The Manifest Destiny of Artificial Intelligence
Will AI create mindlike machines, or will it show how much a mindless machine can do?
The Vodka Is Strong
In The Hitchhiker’s Guide to the Galaxy, Douglas Adams introduces the Babel Fish: “If you stick one in your ear, you can instantly understand anything said to you in any form of language.” Here in our little corner of the galaxy, Babel Fish is the name of a web service (part of Yahoo) that also performs translation, though it’s limited to languages from Planet Earth. Google and Microsoft offer similar services. Depending on your needs and expectations, the quality of the results can seem either amazing or risible.
Efforts to build a translation machine were already under way in the 1950s. The simplest of the early schemes was essentially an automated bilingual dictionary: The machine would read each word in the source text, look it up in the dictionary, and return the corresponding word or words in the target language. The failure of this approach is sometimes dramatized with the tale of the English→ Russian→ English translation that began with “The spirit is willing but the flesh is weak” and ended with “The vodka is strong but the meat is rotten.” John Hutchins, in a history of machine translation, thoroughly debunks that story, but the fact remains that word-by-word dictionary lookup was eventually dismissed as useless.
Later programs worked with higher-level linguistic structures—phrases and sentences rather than individual words. In the early 1970s Yorick Wilks, who was then at Stanford, built an English-to-French translation program that explicitly tried to reproduce some of the mental processes of a human translator. The program would read a sentence, break it into component phrases, try to assign meanings to the words based on their local context, and then generate corresponding phrases in the target language.

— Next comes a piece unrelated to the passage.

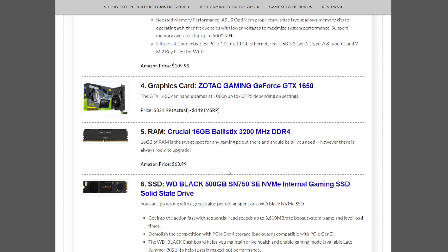Or leave a comment, visit the site, or hit that subscribe button if you want to keep up to date on these builds every month. Best of luck building your next gaming PC.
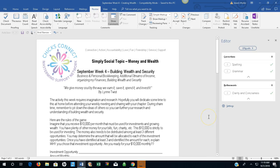Hi and welcome. It's Jules Muller, founder and CEO of Chicks Connect. We are on September Week 4, Building Wealth and Security.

Wilks’s project never got beyond the prototype stage, but another translation system with roots in the same era is still in wide use and under active development. SYSTRAN, founded in 1968 by Peter Toma, now powers the Babel Fish service. It began as a dictionary-based system but now has a complex structure with many modules.
In recent years a quite different approach to machine translation has attracted more interest and enthusiasm. The idea is to ignore the entire hierarchy of syntactic and semantic structures—the nouns and verbs, the subjects and predicates, even the definitions of words—and simply tabulate correlations between words in a large collection of bilingual texts. The early work on this statistical approach to translation was done by Peter F. Brown and his colleagues at IBM, who had already applied analogous ideas to problems of speech recognition. The method is now the basis of translation services from both Google and Microsoft.
Deliberately ignoring everything we know about grammar and meaning would seem to be a step backward. However, all the information encoded in grammar rules and dictionary definitions is implicitly present in a large collection of texts; after all, that’s where the grammarians and the lexicographers get it from in the first place. Where do the bilingual texts come from? Government bodies that publish official documents in two or more languages, such as Canada and the European Union, have been an important source.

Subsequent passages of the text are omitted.